-- Stored data follows --
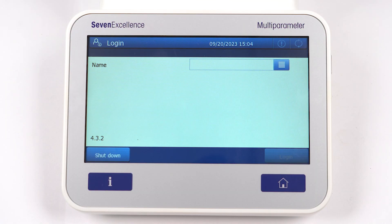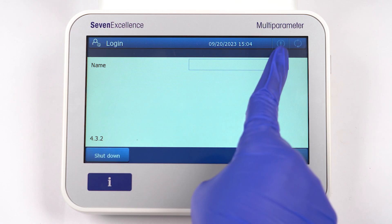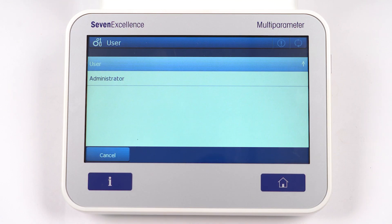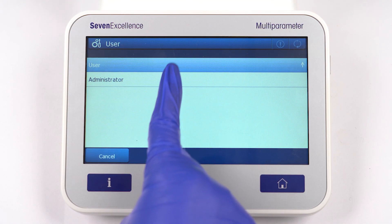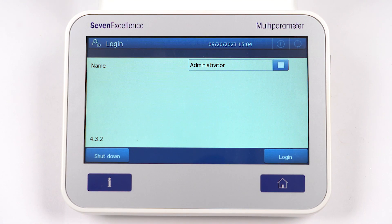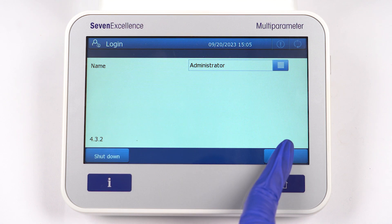To start with, let's login to the 7-Excellence. Simply tap on the icon next to the name field and select administrator. Then tap login.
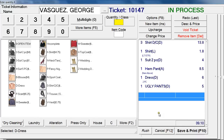At any time, if you want to change the customer, you would click on the '...' (dot-dot-dot) button and a pop-up window will appear allowing you to select a different customer from the list it provides.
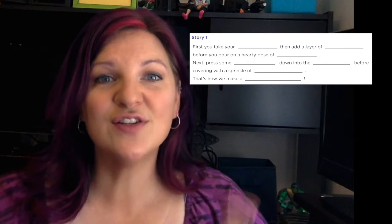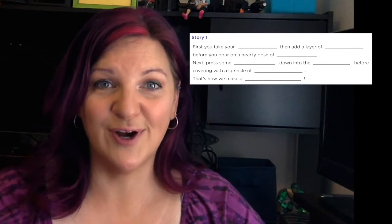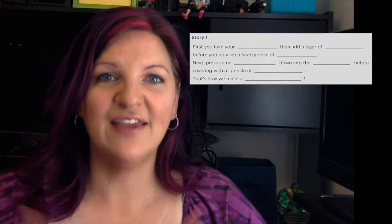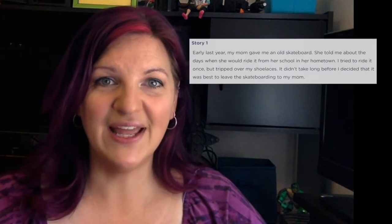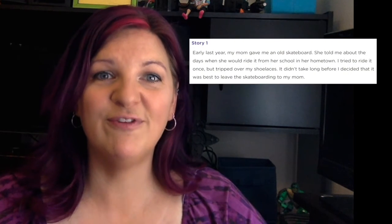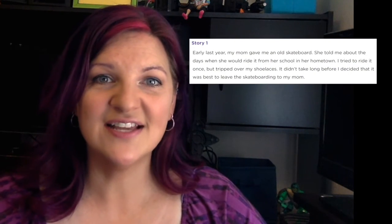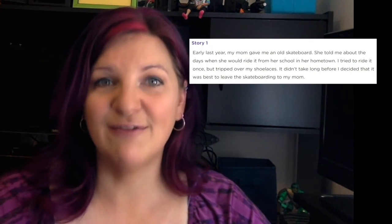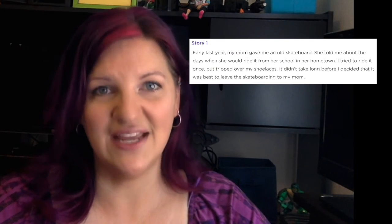This lesson also goes in reverse. It gives you a story with blanks. You fill in the blanks to make several stories fitting the same pattern.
-- Stored data concluded --
**Problem statement:** Please write out all the data word for word, but keep every picture out.

**Result:**
To start with, let's login to the 7-Excellence. Simply tap on the icon next to the name field and select administrator. Then tap login.
At any time, if you want to change the customer, you would click on the '...' (dot-dot-dot) button and a pop-up window will appear allowing you to select a different customer from the list it provides.
This lesson also goes in reverse. It gives you a story with blanks. You fill in the blanks to make several stories fitting the same pattern.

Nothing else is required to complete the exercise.